§ Directions for this task: From the entries below, print exactly the span beginning with the line holding "St. Moritz Lodge & Condominiums — 6" and ending with the line holding "Lg Chicken pasty &amp; gravy", endpoints included, and skip any pictures.

[Opening Material to process section]

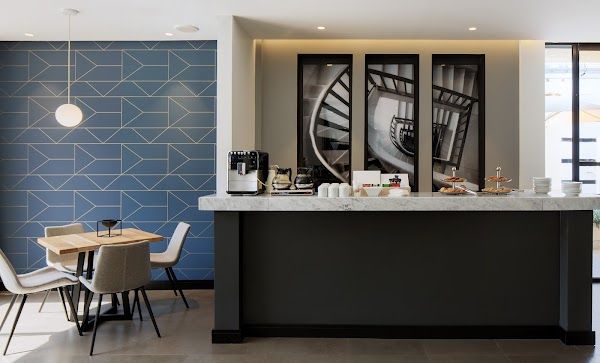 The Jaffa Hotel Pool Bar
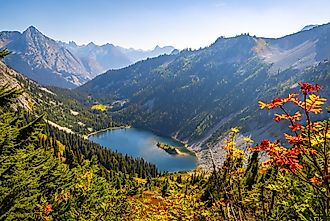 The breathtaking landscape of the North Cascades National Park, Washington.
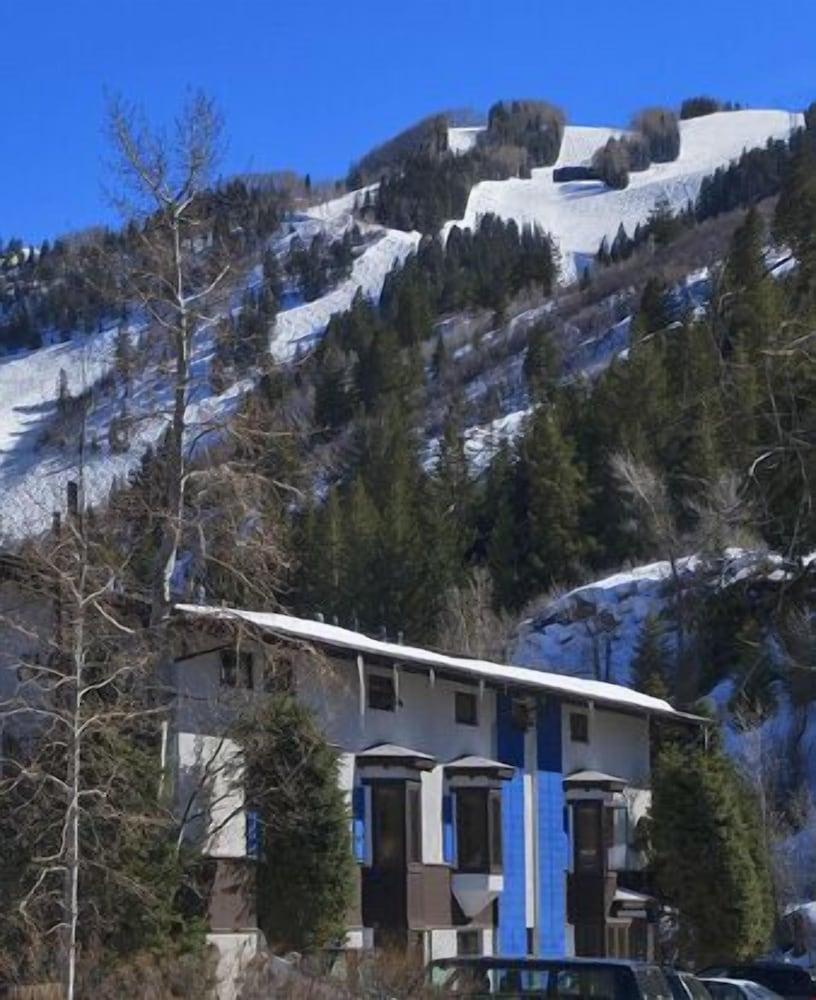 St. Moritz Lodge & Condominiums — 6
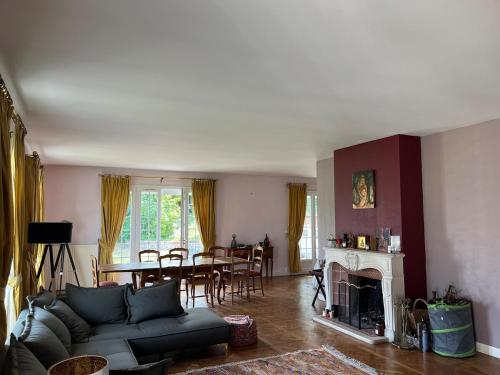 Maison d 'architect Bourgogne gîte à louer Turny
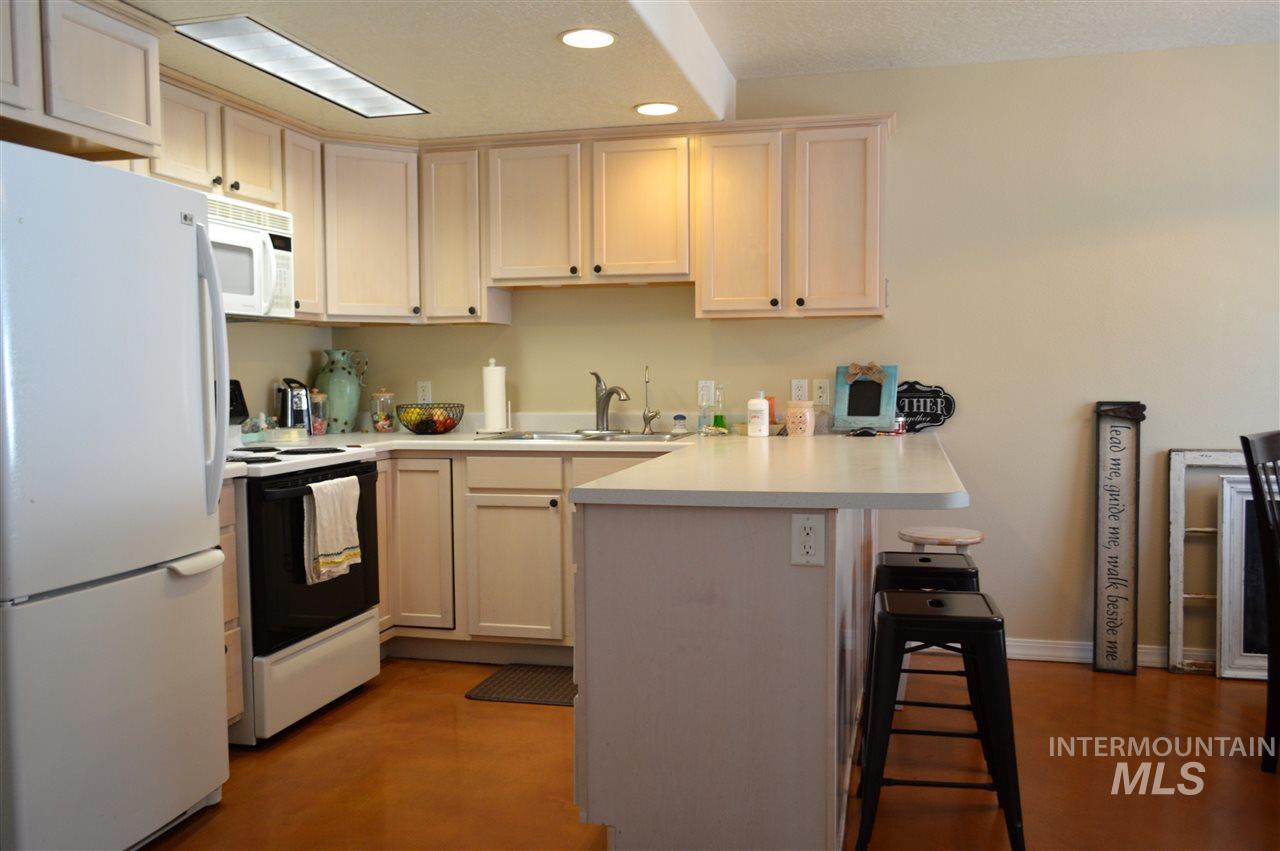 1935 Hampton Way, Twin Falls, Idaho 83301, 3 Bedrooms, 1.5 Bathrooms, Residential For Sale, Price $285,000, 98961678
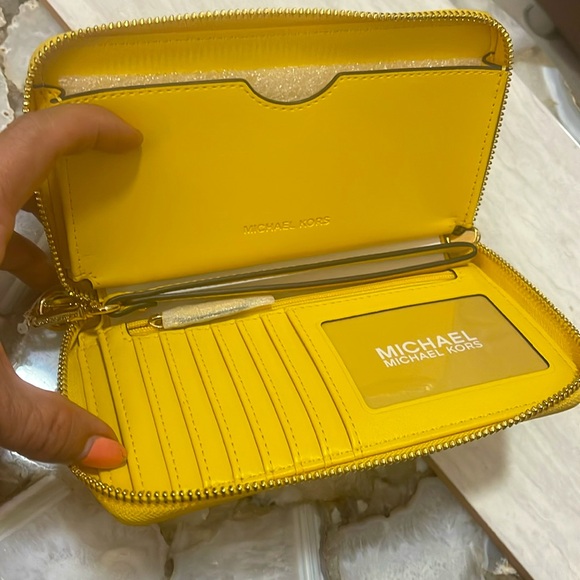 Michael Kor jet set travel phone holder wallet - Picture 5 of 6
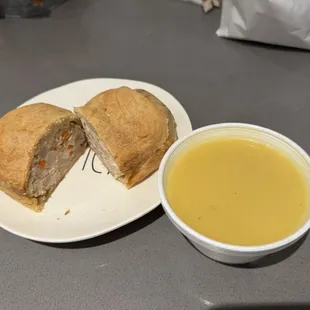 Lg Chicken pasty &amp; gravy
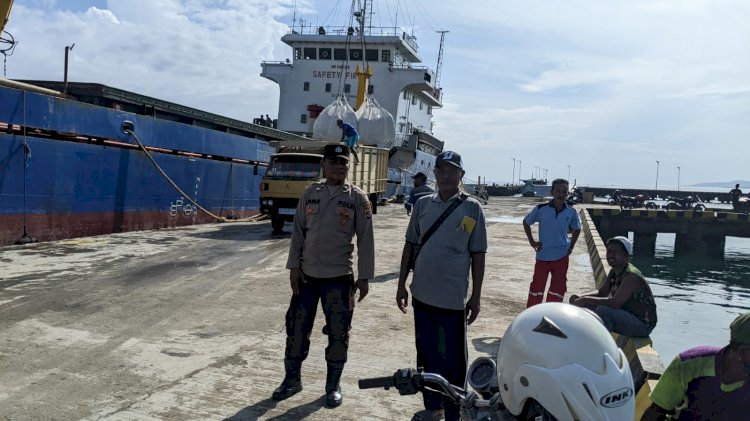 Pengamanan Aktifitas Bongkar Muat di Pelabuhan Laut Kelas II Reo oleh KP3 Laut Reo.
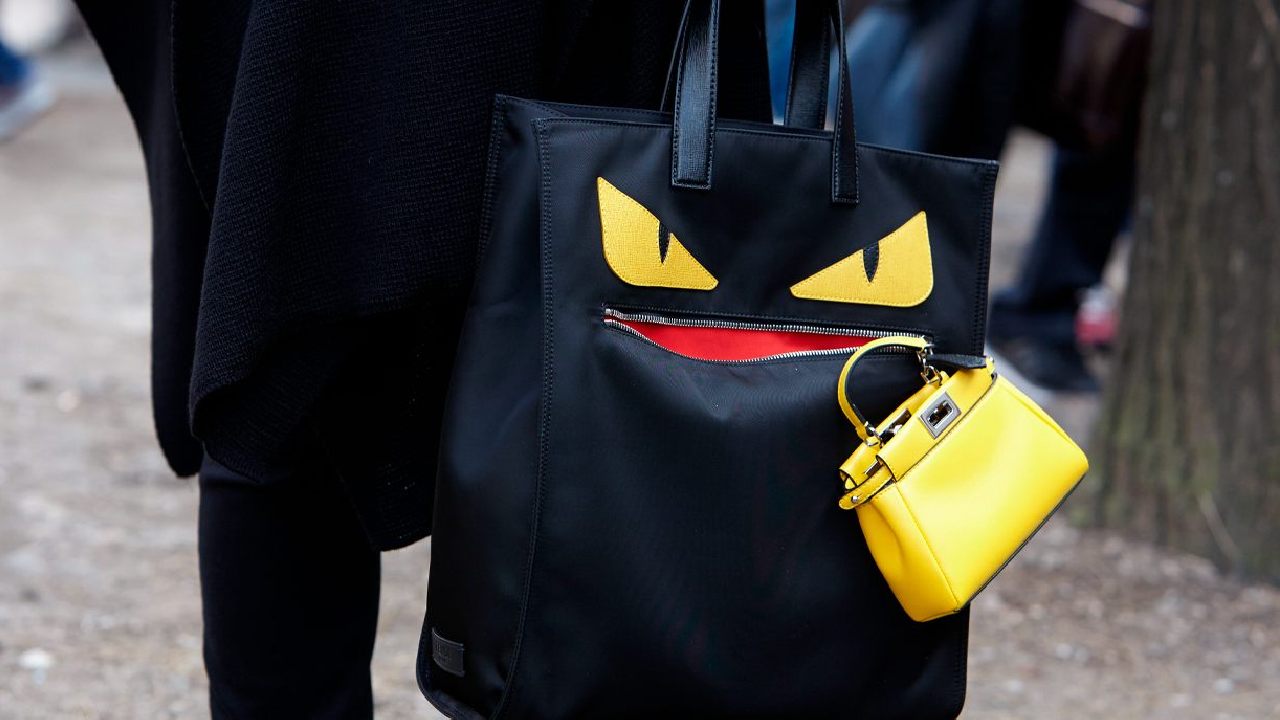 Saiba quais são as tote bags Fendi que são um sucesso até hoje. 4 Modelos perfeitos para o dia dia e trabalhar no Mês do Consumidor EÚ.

[Closing Material to process section]

§ Result of this task:
 St. Moritz Lodge & Condominiums — 6
 Maison d 'architect Bourgogne gîte à louer Turny
 1935 Hampton Way, Twin Falls, Idaho 83301, 3 Bedrooms, 1.5 Bathrooms, Residential For Sale, Price $285,000, 98961678
 Michael Kor jet set travel phone holder wallet - Picture 5 of 6
 Lg Chicken pasty &amp; gravy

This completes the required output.